Three raingardens and a yard with native plantings were featured on a recent tour of a Metro Blooms project in Minneapolis’ Lynnhurst neighborhood. They were part of a program that makes environmentally-friendly landscaping and gardening strategies available to residents at a significant savings. It’s called Lynnhurst Yards and Gardens for Clean Water.
The program is a partnership between the Lynnhurst Neighborhood Association, organized by its environmental committee, and Metro Blooms. The committee provided reimbursable grants to help lower costs to participants for raingardens, native plantings or alternatives to grass turf. Metro Blooms provided technical expertise, including the designs, ordering the plants, and supervising the installation work by the Conservation Corps Minnesota & Iowa. The final step, planting, was left to the owner.
Thank you to the Environmental Committee for organizing the tour!
(L) This large raingarden, planted in 2017, replaced a lawn. It is located between two properties, capturing stormwater from the garages on both properties.
(R) Details make a difference. Bottom left: The terra-cotta channel directs water from the garage downspout into the raingarden. Top: The flower cutouts in the metal art fence look like they’re growing from the feather reed grass just beneath them!
Raingardens come in smaller sizes, too. This front-yard raingarden, installed in July, has a simple, neat aesthetic to fit in with the yard’s tidy look.

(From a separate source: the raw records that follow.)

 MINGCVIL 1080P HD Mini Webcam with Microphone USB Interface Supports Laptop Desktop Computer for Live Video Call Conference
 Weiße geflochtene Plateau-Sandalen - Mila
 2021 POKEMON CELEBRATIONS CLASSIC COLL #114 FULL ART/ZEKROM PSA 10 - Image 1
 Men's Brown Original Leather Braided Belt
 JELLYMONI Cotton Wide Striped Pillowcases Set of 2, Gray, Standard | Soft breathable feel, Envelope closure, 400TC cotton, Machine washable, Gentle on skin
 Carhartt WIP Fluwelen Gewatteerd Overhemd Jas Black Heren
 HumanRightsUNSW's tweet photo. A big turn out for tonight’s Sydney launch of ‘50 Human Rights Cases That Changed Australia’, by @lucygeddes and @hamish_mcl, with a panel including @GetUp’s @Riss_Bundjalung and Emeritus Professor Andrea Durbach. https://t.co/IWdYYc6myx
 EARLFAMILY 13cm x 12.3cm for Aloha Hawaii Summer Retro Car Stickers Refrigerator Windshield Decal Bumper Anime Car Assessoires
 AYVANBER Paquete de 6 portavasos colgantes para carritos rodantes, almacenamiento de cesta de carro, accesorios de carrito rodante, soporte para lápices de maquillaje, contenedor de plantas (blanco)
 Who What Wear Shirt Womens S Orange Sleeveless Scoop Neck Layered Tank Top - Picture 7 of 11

It captures runoff from the roof. (R) The downspout is on the left of the photo, above the sidewalk. Raingardens can incorporate existing plants: the taller peonies were there previously.
(L) Another raingarden, planted in July, in a front yard that slopes downward toward the street. Some of the plants here include Jacob’s ladder, rose turtlehead and fox sedge.
(R) Though it wasn’t our work, we had to take a photo of the clover (sign says: Bee Safe Yard) lawn, in the same yard as the raingarden. The conventional grass lawn was not growing well in this shady spot. Earlier this summer, the owner over-seeded with a clover/fescues mix, and hasn’t mowed since!
A few weeks back, this was all grass lawn. It was just replaced with native plantings that do well in shade and provide habitat, and the area will not need mowing. The goal: low-maintenance landscaping that would also be a positive contribution to the environment. Once the plants are established, they will require less water than a conventional lawn. Some of the plants in this project include maidenhair fern and Jacob’s ladder. Note: We can’t take credit for the lovely stepping stones, but we worked with the homeowner on a design incorporating them.